Dear Reader,

It’s been an interesting week in regard to the Gold Price.  This wasn’t normal price behaviour.  If one just looked at the overall price move the weekly change is just 0.09% from where the price per ounce stood a week ago today.  But, between those two (almost) identical peaks is the gargantuan trough of a weekly high of £1045.40 to a weekly low of £913.92.

Last Tuesday at 10:00 am the price stood at £1026.62 an ounce but by 6:30 pm the same day it had plummeted to £997.85.  It hovered a little but stayed around the £990 mark until Thursday evening.  Then, very strangely, by midnight on Friday it was back up, in an almost vertical ascent to £1015 per ounce.  

If you’d been waiting for a moment to restock, those 36 hours were a golden opportunity.  To put into perspective, that was the lowest the price has dipped in 4 months.

As of right now, the price is back up to £1024.48, almost identical to how things began this time and day last week.  Have you ever paddled in the shallows of a clear summer river watching the minute whirlpools form for brief minutes by the bank?
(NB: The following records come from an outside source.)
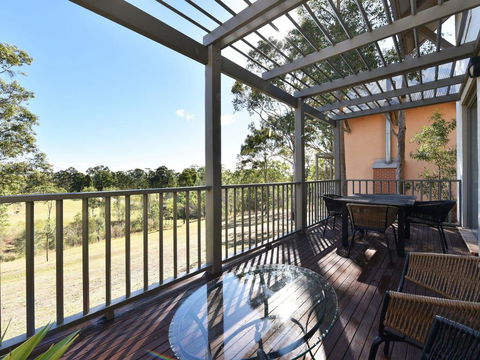 Villas Venticuatro (Sleeps 24) Resort Condos Located Within Cypress Lakes Resort (nothing Is More Central) - Tourism Gold Coast 2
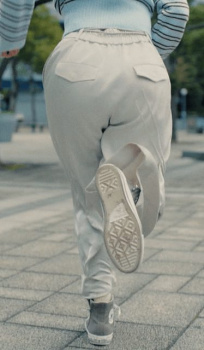 【GIF動画】松本穂香さん(29)、お尻をブルンブルン揺らしてしまうの画像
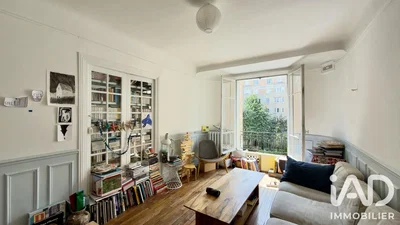 Wohnzimmer; blick, holzboden, tageslicht, moderner stil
They disappear into the flow of fresh water and it is as if they were never there. Much like this price dive and recovery; the suck of some unseen force causing a whirlpool of a near vertical fall in price, only to disappear to leave the surface almost unchanged – to the penny -as it was before.

So, this begs the question…. what happened?

None of the normal geo-political markers shifted. There was no announcement of a large rise in interest rates, there was no peace accord to announce that all is now well between Russia and the U.S. in Syria, for example.  Because of this, these sharp, sudden and completely “artificial” moves in price are hard to predict, so it is wise to be as positioned as possible cash-wise to jump in these “split-second” buying opportunities.

The mainstream media didn’t raise an eyebrow, of course.  But people within the precious metals market really DID notice, as I’m sure many of our readers also did too.  “It’s pretty clear something ‘fishy’ was going on, as Andrew Maguire, a well-known precious metals trader immediately confirmed the total volume of the crash was very suspicious as in excess of 1,000 tonnes of paper contracts were dumped on the market in a matter of hours. Yes, that’s approximately 1/3rd of the entire world’s annual gold production from mining activities, so yes, it’s obvious this isn’t normal  trading behaviour.”

I haven’t been able to find a discussion or reason for this behaviour. But Zerohedge put together an extremely insightful piece on this exceptional move within the Gold market: “What makes the drop even more interesting is that it happened on a Tuesday, right after the bank holiday in Germany (the financial markets were closed in Germany on Monday). Could this indicate certain market parties were expecting to see a solution for troubled Deutsche Bank during the long weekend? Nothing materialized even though Deutsche Bank will very likely need to raise more capital, and rumors about a semi-bailout by other German large companies started to circulate later in the week. So whacking down gold might indeed have been some sort of pre-lude and part of the global idea of a monetary reset or a bailout of Deutsche Bank. Because let’s be fair, it’s just ridiculous to see 1,000 tonnes being dumped on the open market on a day when the Chinese markets (and the Shanghai Gold Exchange) were closed…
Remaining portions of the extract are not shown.